Industry 4.0 and Data Security: An Underappreciated Threat

There seems to be little doubt that the Fourth Industrial Revolution, aka Internet 4.0, will produce massive amounts of data as processes become more monitored, automated, and interconnected. Storing and managing the data will be difficult, but protecting the data is an even greater challenge. Yet, security in the industrial environment does not always get the same level of attention as it does for more frequently targeted enterprises like financial institutions and large retailers.

More Data Sources Equals More Opportunity for Breaches

The very scale of Industry 4.0 should make manufacturing environments an increasingly tempting target. IHS Technology predicts that global revenue from industrial automation equipment will hit $209.4 billion by 2016, maintaining a steady growth pattern that began in 2010.

Meanwhile, a Ponemon Institute Study on Costs of Data Breaches in 2014 reveals that companies estimate an average of 17 malicious codes, 12 sustained probes, and 10 incidents of unauthorized access every month. Many of these are relatively simple to deal with, but it only takes one successful attempt to cripple a facility.

Take Common-Sense Security Precautions

With limited resources and an exploding number of data sources that represent points of entry, how can you assure that your data is safe? The harsh reality is that you can’t. No industrial environment is 100% safe. However, you can take measures to get the most out of your security efforts.
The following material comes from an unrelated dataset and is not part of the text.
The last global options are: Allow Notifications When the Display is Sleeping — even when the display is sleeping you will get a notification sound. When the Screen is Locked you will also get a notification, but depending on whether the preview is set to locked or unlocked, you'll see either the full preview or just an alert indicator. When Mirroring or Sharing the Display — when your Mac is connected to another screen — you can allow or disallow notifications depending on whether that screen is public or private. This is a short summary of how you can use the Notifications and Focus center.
  • Security Through Design – Stick with vendors that make security an integral part of the design process. If you have to buy extra layers of security as separate modules or packages, that’s a red flag. It suggests security measures are slapped on at the end of the process, which makes it more likely that internal systems are vulnerable (especially with more complex automation systems).
  • Limit Access – Role-based access limitations are effective in deflecting threats. If you choose to allow BYOD (bring your own device) operations, make sure that you can exert sufficient control over the device. Do not assume that seemingly friendly sources (vendors, subcontractors, etc.) are benign. Remember, the Target breach initiated inadvertently through a third party vendor.
  • Pattern Recognition – Your security network should be able to detect unusual data patterns and alert the proper personnel in as close to real time as possible. With Just-In-Time (JIT) systems, the speed is even more critical to prevent a breakdown of the entire supply chain.
  • Encryption – Encryption is a simple step that can be ignored in the manufacturing environment simply because engineers assume there is no threat at that stage. Laziness in encryption should not be tolerated.
  • Establish a Security Culture – Security can’t just be applied form the outside. A skilled employee with familiarity with internal systems knows how to inflict the most irreversible damage—and also is most likely to be able to subtly destroy systems from within. In other words, even though the essence of Internet 4.0 is increased automation, the human element must play a major role.Too many manufacturing environments pay lip service to security by establishing rules that are routinely ignored or enforced at lower levels but ignored at higher ones. You can’t marginalize employees and produce a disgruntled and negative security culture. Instead of making security seem heavy-handed and punitive, you must pitch security measures as useful elements that protect employees as well as employers.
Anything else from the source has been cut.